In other words, a lasting legacy. When you choose an approach, a platform, a database management system, and a programming language, it’s a dangerous illusion to think it’s an isolated one-off. Nothing succeeds like success, and when a system is successfully designed, we have discovered for over half a century that it may be here for the ages, both in terms of its original design, and in terms of everything else that will be developed with reference to it—connectors, enhancements … and new applications that will mimic it and build on the lessons learned, in a large-scale homage to code reuse.

All of that is the first reason why COBOL is running the world economy. In a word: incumbency. It got there, it worked, it kept on working. There aren’t enough programmer hours in the world to rewrite all the COBOL that works perfectly fine into an unproven language and platform.

Different Language, Different Purpose 

BUT: what about all the stuff that isn’t in COBOL yet? Or even stuff that maybe no longer needs to be?
There are workloads that are more readily designed in a language fit for a different purpose.

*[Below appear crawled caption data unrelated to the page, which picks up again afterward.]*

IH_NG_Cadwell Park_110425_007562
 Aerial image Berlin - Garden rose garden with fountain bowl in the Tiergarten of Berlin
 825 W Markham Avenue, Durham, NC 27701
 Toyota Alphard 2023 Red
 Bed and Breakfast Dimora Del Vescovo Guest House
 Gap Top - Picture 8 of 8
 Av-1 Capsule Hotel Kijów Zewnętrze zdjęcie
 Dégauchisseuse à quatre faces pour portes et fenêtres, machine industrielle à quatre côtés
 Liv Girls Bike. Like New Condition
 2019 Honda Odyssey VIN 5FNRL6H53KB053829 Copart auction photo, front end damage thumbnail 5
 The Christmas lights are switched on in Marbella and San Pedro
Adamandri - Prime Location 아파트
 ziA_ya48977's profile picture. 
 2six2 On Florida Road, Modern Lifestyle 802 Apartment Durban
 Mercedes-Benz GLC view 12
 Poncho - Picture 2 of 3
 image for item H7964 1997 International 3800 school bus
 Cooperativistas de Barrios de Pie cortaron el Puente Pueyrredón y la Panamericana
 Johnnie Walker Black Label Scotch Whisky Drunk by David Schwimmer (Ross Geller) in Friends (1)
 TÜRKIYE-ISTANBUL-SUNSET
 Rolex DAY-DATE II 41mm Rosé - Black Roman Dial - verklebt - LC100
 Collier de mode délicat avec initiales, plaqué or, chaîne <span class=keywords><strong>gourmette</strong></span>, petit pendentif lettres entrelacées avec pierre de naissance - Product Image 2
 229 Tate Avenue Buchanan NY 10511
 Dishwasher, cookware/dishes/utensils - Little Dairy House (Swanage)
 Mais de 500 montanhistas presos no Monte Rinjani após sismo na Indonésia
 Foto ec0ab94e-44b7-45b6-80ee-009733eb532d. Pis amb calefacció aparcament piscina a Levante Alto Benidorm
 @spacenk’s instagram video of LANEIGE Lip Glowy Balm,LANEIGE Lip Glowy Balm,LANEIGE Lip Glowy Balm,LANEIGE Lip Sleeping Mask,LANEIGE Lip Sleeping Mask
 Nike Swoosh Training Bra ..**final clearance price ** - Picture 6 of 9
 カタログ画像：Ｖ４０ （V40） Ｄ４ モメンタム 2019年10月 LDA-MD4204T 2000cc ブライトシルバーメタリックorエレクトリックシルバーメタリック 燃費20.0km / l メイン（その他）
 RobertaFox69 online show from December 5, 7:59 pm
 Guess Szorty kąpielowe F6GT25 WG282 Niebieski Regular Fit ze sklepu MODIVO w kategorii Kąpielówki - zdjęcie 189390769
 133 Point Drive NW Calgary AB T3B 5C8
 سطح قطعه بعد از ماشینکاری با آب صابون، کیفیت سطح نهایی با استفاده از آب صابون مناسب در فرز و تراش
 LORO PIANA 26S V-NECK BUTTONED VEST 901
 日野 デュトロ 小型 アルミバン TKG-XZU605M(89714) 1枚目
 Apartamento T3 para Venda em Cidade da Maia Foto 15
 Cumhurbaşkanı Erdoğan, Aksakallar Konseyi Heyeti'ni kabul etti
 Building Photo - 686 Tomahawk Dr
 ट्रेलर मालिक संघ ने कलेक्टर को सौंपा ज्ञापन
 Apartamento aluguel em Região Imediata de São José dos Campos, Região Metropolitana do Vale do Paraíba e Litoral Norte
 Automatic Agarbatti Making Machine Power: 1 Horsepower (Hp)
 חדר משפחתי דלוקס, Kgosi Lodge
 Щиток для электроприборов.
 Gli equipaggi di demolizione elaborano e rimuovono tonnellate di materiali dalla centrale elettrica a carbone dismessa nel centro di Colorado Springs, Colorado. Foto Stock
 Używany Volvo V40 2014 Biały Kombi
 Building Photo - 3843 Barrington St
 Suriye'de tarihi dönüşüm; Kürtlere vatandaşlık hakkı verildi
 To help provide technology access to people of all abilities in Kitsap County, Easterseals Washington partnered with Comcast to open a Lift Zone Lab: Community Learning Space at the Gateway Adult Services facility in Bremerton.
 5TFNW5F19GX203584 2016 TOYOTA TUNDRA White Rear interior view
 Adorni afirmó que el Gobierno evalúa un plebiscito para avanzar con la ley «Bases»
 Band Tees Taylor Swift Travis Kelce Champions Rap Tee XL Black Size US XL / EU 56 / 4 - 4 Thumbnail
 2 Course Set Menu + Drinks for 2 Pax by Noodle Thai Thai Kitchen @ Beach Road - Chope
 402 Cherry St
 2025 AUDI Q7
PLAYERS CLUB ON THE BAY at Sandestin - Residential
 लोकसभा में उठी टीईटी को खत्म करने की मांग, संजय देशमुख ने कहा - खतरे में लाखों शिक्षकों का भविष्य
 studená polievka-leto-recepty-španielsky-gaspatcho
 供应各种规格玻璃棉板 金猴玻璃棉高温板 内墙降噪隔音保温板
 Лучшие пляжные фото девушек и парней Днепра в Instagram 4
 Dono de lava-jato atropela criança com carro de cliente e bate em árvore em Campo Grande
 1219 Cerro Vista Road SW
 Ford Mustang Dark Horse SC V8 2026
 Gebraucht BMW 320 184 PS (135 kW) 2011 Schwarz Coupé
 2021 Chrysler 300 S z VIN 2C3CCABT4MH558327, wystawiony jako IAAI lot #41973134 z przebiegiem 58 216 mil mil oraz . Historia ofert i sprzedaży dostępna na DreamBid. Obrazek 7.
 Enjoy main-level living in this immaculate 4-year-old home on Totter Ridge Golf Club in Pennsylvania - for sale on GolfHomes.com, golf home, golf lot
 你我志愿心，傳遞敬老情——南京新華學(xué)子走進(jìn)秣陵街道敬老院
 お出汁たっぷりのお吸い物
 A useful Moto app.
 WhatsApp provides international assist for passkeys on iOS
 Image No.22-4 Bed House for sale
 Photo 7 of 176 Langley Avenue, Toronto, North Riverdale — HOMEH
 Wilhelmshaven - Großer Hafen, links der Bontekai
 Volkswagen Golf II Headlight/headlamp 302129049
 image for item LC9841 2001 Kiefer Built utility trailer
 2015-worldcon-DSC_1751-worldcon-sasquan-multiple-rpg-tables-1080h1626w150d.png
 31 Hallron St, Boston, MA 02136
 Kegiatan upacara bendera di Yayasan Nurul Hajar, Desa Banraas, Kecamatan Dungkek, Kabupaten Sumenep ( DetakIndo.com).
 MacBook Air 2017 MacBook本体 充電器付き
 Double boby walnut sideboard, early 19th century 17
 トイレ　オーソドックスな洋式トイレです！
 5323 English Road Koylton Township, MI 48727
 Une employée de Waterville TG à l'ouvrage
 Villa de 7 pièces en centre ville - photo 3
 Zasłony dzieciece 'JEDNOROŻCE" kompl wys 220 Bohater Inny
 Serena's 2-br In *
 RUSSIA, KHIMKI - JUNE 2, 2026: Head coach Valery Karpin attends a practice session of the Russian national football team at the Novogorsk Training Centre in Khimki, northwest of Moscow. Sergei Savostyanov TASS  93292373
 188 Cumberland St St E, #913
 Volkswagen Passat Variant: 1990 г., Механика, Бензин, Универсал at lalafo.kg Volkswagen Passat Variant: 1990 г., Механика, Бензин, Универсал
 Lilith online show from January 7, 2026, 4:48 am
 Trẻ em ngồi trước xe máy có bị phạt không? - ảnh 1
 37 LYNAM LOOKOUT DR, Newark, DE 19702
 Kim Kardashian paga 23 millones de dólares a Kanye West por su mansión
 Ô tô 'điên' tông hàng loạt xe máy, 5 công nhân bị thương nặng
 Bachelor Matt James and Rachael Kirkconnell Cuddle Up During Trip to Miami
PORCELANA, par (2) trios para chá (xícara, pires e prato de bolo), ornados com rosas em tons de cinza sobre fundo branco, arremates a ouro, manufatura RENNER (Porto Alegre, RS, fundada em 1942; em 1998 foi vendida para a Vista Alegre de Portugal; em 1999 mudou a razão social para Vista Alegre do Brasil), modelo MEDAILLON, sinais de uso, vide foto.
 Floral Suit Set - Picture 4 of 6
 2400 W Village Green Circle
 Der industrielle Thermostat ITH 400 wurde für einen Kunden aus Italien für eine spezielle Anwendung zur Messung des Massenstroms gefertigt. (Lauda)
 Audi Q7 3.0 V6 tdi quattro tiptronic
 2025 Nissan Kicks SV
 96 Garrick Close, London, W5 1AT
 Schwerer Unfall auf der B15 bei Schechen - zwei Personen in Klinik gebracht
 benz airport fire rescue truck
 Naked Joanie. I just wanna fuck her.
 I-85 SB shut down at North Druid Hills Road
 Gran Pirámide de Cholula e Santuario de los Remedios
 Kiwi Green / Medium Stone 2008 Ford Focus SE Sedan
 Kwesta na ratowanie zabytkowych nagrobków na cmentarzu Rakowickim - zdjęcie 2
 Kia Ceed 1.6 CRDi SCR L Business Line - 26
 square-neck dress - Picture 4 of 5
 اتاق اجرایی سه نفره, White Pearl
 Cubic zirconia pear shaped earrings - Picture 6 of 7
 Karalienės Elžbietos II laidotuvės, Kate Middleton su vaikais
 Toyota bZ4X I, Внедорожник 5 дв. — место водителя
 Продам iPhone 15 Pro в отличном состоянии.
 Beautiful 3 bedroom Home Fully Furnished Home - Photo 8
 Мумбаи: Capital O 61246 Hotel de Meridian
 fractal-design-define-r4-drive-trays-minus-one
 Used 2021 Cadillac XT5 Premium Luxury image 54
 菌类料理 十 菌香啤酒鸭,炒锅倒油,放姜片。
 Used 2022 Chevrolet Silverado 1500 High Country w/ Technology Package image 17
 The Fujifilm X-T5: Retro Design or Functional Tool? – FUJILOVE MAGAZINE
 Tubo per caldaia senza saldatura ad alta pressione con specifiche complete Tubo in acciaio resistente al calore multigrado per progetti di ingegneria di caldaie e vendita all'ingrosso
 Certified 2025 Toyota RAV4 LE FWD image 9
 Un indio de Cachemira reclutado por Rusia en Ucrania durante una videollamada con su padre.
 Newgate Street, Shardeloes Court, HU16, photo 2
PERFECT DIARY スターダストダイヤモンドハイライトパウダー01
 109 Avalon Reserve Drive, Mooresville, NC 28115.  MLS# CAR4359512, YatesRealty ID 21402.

If real-time graphical interaction with a user in a gaming environment is needed, then a dedicated consumer electronics platform using a language that is meant to enable such interaction is likely a better choice than COBOL on enterprise servers. (But feel free to prove me wrong.)

And there are also workloads that were designed a long time ago in COBOL on enterprise servers, that don’t have any local proprietary or competitive uniqueness, and may beneficially be replaced by off-the-shelf commercial software such as ERP solutions which are kept up-to-date with respect to modern functionality and customer demand. Your technologists’ time is better spent on unique business value that is specific to your organization’s needs than on reinventing a wheel that is commercially available for less cost and ongoing effort.

Similarly, you may have COBOL programs doing low-importance tasks that were written back when that seemed like the only alternative. If what they’re doing is not focused on quality, reliability and massive amounts of data, then if there’s not an off-the-shelf replacement available, it may make sense to consider moving them to smaller platforms and rewriting them in languages for which the programmers are available a dime-a-dozen. Of course, that assumes you still know what those programs do well enough to fully rewrite them in a cost-beneficially finite amount of time. Then again, if they’re that unimportant and obscure, it may make more sense to just deprecate them. 

The pressures on the mainframe and COBOL over the past few decades have trimmed off a lot of the low-hanging fruit. But once you’ve eliminated the “road apples” that are no longer suited to your thoroughbred enterprise IT environment, it’s also time to feed it some golden apples that are of such a quality and strategic position that they’ll enhance your standing by being written in a language and on a platform designed for the ages.

Conduct a Cost-Benefit Analysis

To be clear, it’s very expensive to rewrite an application to move it to a new language and platform, so a careful cost-benefits analysis is needed before moving any legacy that works somewhere new where it will have to get the bugs out all over again. And that’s true for distributed non-COBOL applications too. Then again, we should have been doing that level of cost-benefits analysis all along. Still, if you’re struggling along with a burgeoning, ponderous distributed application that seems to be hitting a ceiling in terms of capacity, performance and functionality, then it may well be time to consider doing it right the second time.

But if you’re building a new application the first time, even if you’re doing it in a greenfield environment where you have no idea what it will do or how it will develop, and there are no similar examples to learn from, if it’s big and strategic, it makes sense to ponder the future dimensions and trajectories of such a system. And if it’s meant for more than just show, then rather than choosing a second-place platform and language, why not start by aiming for a win?